EXTRACTED INFORMATION Block Start

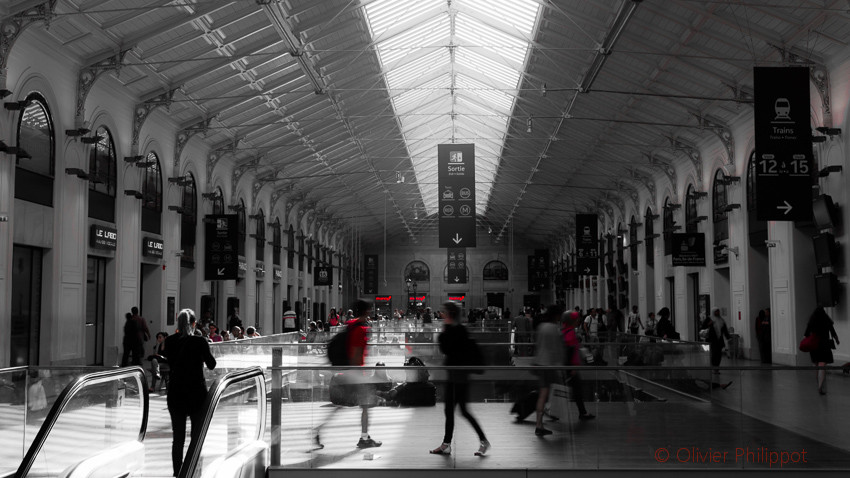 © Olivier Philippot Consulting - Marketing consulting - Digital Strategy - Innovation - Webdesign - Training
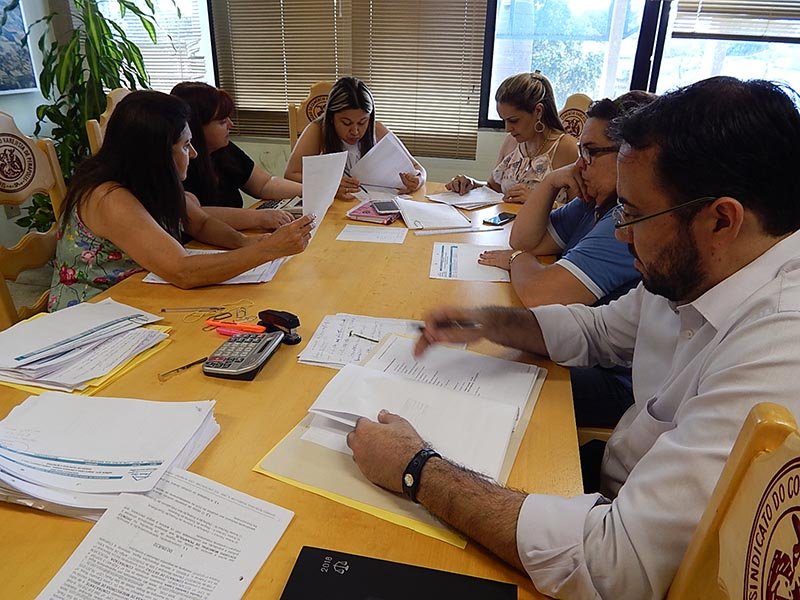 Vereador fiscaliza contas da OS do Pronto Socorro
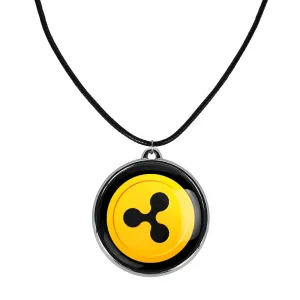 گردنبند ارز دیجیتال ریپل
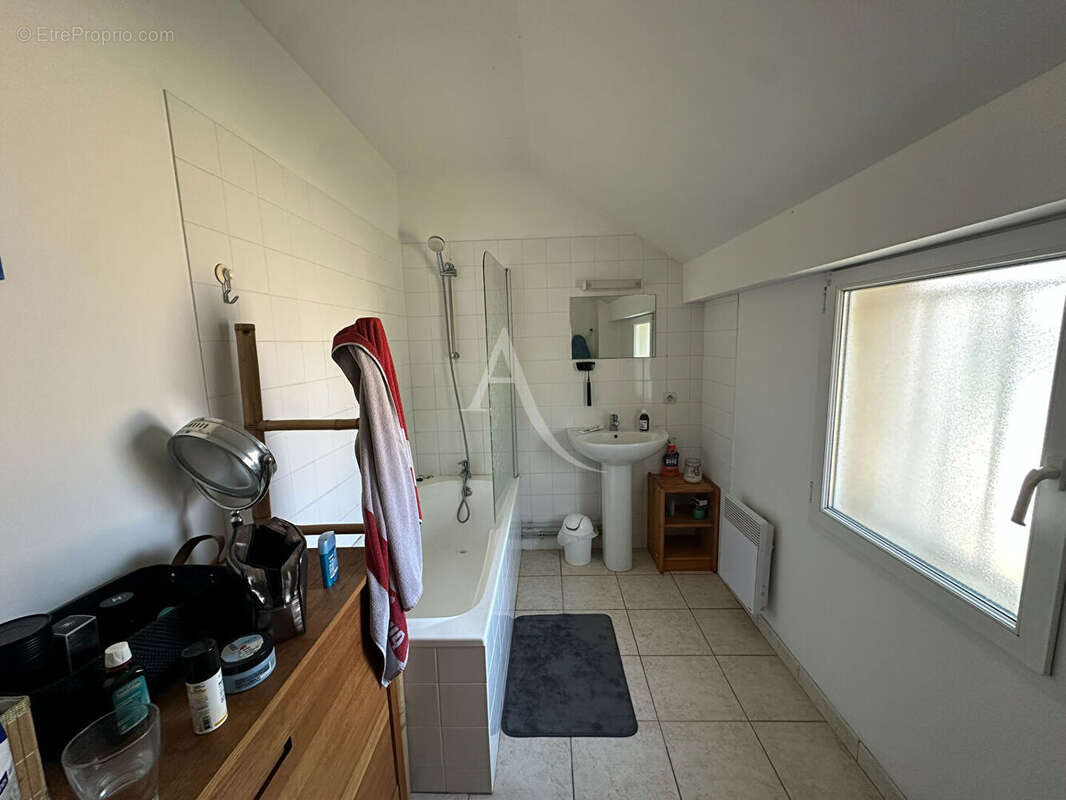 Maison à DOUE-LA-FONTAINE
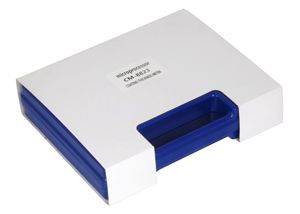 เครื่องวัดความหนาเคลือบแบบกระแสเอ็ดดี้ เครื่องวัดความหนาสี รุ่น CM-8823 ชนิดโลหะนอกกลุ่มเหล็ก 0~1000um - Product Image 3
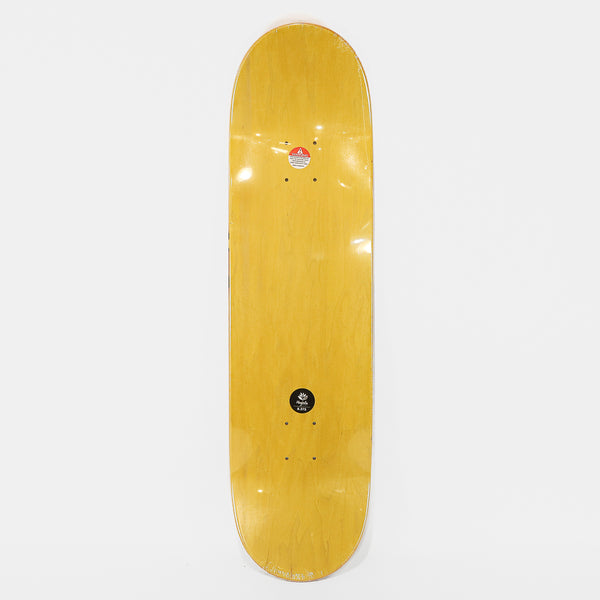 Magenta Skateboards - 8.4
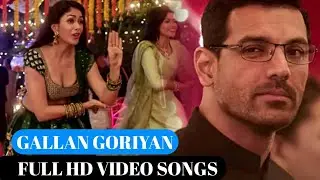 Gallan Goriya Full HD video songs New | Jhone Ibrahim New Songs 2020.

EXTRACTED INFORMATION Block End

— PROBLEM —
Type out each line of the records above exactly, skipping any pictures.

— SOLUTION TO THE PROBLEM —
 © Olivier Philippot Consulting - Marketing consulting - Digital Strategy - Innovation - Webdesign - Training
 Vereador fiscaliza contas da OS do Pronto Socorro
 گردنبند ارز دیجیتال ریپل
 Maison à DOUE-LA-FONTAINE
 เครื่องวัดความหนาเคลือบแบบกระแสเอ็ดดี้ เครื่องวัดความหนาสี รุ่น CM-8823 ชนิดโลหะนอกกลุ่มเหล็ก 0~1000um - Product Image 3
 Magenta Skateboards - 8.4
 Gallan Goriya Full HD video songs New | Jhone Ibrahim New Songs 2020.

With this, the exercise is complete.